The next four rows show NR with 100% PB filler replacing the CB, with varying silica concentration. In terms of tensile strength and toughness, 0.5% and 1% silica provided the best results, at roughly 19 and 40 MPa, respectively; however, these data are significantly lower than the CB control. Elongation was improved in each of these samples except for the one with 2% silica. The CB-filled control was a stiffer composite compared to the biochar-substituted composites; this was reflected in both the increased elongation behavior and decreased Young’s modulus behavior. To see if the tensile properties of PB-filled NR composites could be improved, PB milled with 1% silica was blended with CB at ratios of 75/25 and 50/50 PB/CB. The results for these composites are shown as the final two rows of Table 2. Tensile strength decreased with increasing PB filler, but the composite that replaced 50% of the CB with 1% silica-milled PB nearly matched the CB control in tensile strength (5.5% lower) and surpassed the control in terms of elongation and toughness, but had a lower Young’s modulus. The stress–strain curves of the 1% silica-milled composites are also shown in Figure 3. The reduced stiffness of the biochar-substituted samples suggested that, although these composites had similar strength and enhanced toughness, they may be better suited toward applications that favor increased flexibility, such as tubing.

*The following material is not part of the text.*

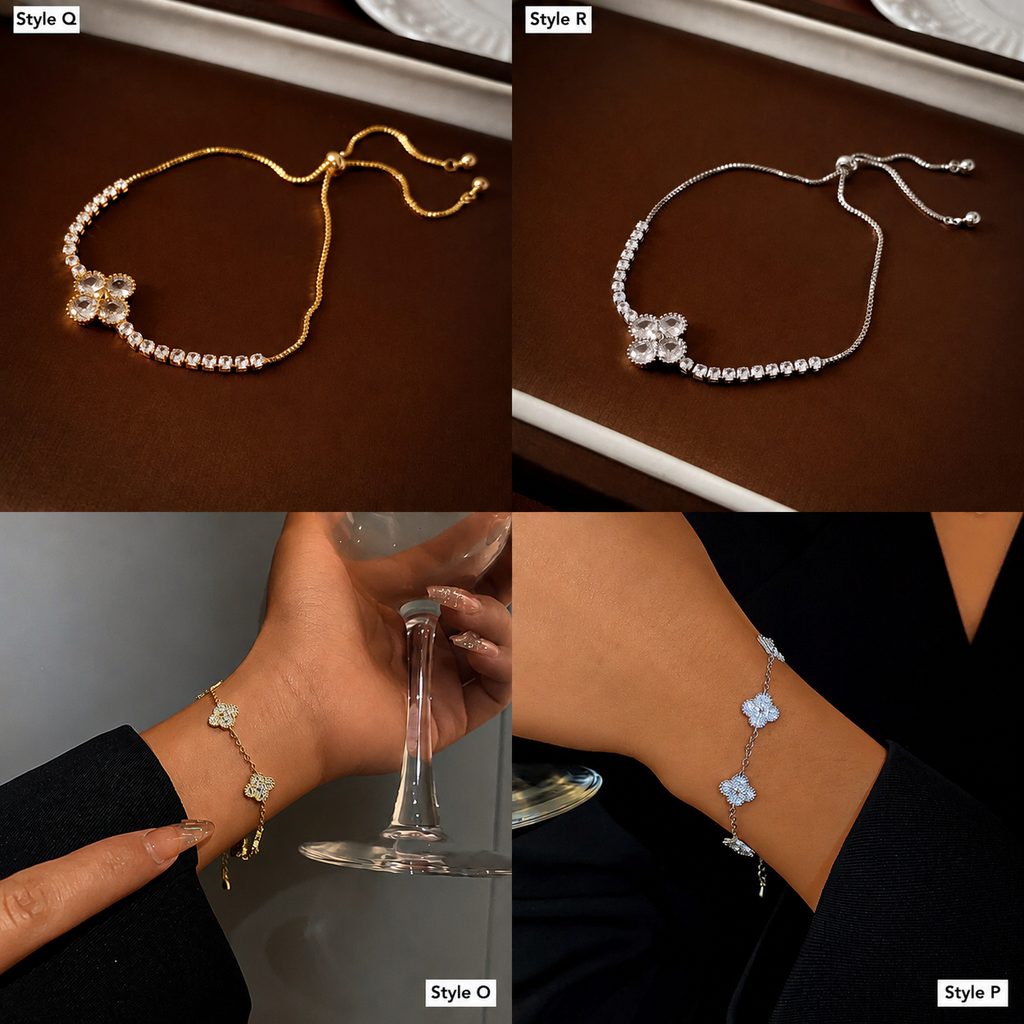 14K Gold Lucky Pink Clover Bracelet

Small-strain oscillation sweeps were carried out on the composite samples at 0.1% strain (well within the linear region) at a frequency of 1 Hz for 1000 cycles. All the composites showed constant storage modulus (G′) values, and these values are shown in

Table 3. Small-strain cyclic behavior of NR composites with 30 wt.% total filler.

Sample	Average G′ (MPa)
Unfilled NR	0.256 ± 0.001
100% CB	1.18 ± 0.02
100% PB–0% Si	0.397 ± 0.001
100% PB–0.5% Si	0.362 ± 0.002
100% PB–1% Si	0.357 ± 0.001
100% PB–2% Si	0.410 ± 0.001
75/25 PB/CB	0.445 ± 0.003
50/50 PB/CB	0.609 ± 0.004

. The CB control showed the highest G′ value, indicating the stiffest sample. The results did not show a clear trend in terms of silica concentration; rather, G′ of the composite seemed much more dependent on CB concentration.

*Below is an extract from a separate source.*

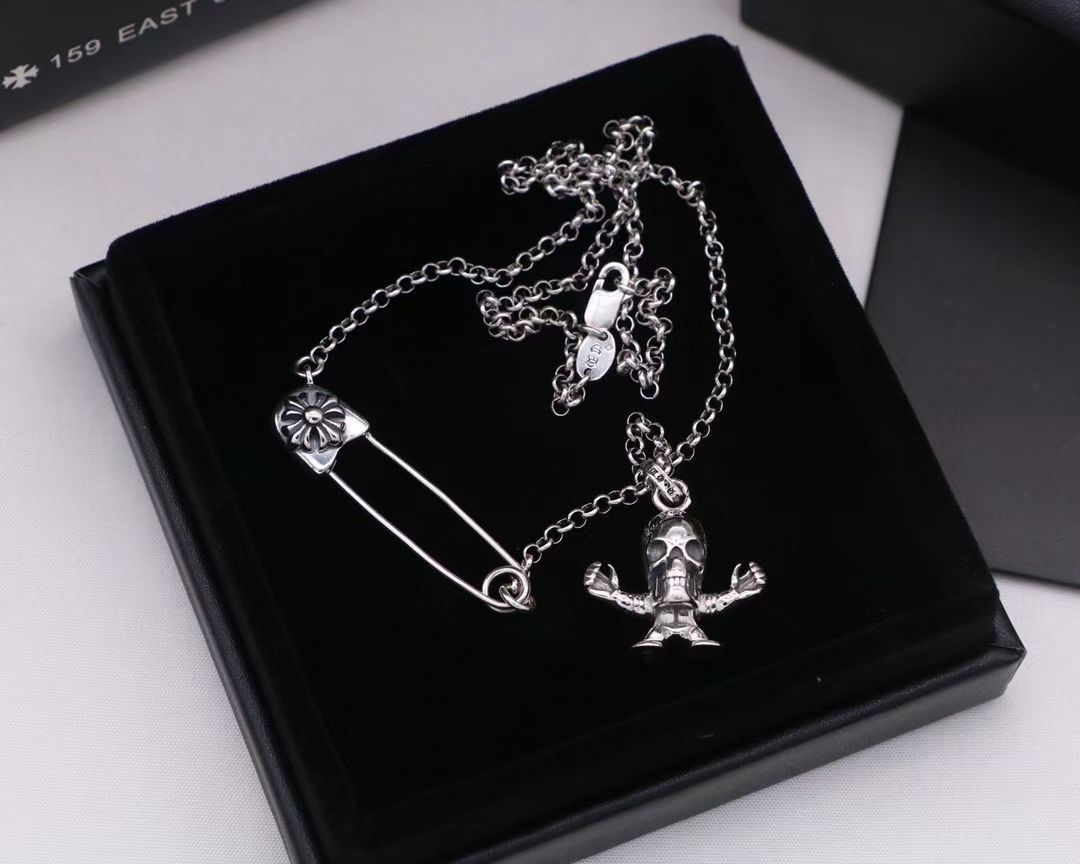 Brooch Skeleton Pendant Necklace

As biochar research continues, the challenge will be to cost-effectively improve sustainable biochar in terms of (increasing) carbon content, (reducing) ash content, and (reducing) particle size in order to make it a more worthy replacement for CB that does not sacrifice material properties.

4. Conclusions

P. elongata is a rapidly growing, sustainable source of hardwood that can be grown over a wide geographical footprint of the southern United States. This tree has a wide variety of potential uses including the production of honey [6], biocomposites [19,20,21], pencils [22], medicinal compounds [23], timber [24], and biomass [25]. Biochar made from P. elongata showed promise for athletic turf application [26] and other broader-based horticultural applications [11].

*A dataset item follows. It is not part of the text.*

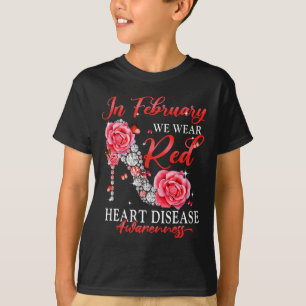 Februari Draag we Red Butterfly Heart Disease Awar T-shirt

In this work, PB that was co-milled with silica to reduce its particle size was used as a direct substitute for carbon black in NR composites. Although there was some improvement in the elongational properties, the tensile strength and toughness properties of 100% PB filled NR composites were significantly lower than the CB control. By blending PB and CB in different ratios, it was found that a 50/50 blend of PB/CB yielded a composite that was only 6% lower in tensile strength while surpassing the 100% CB control in both elongation and toughness properties.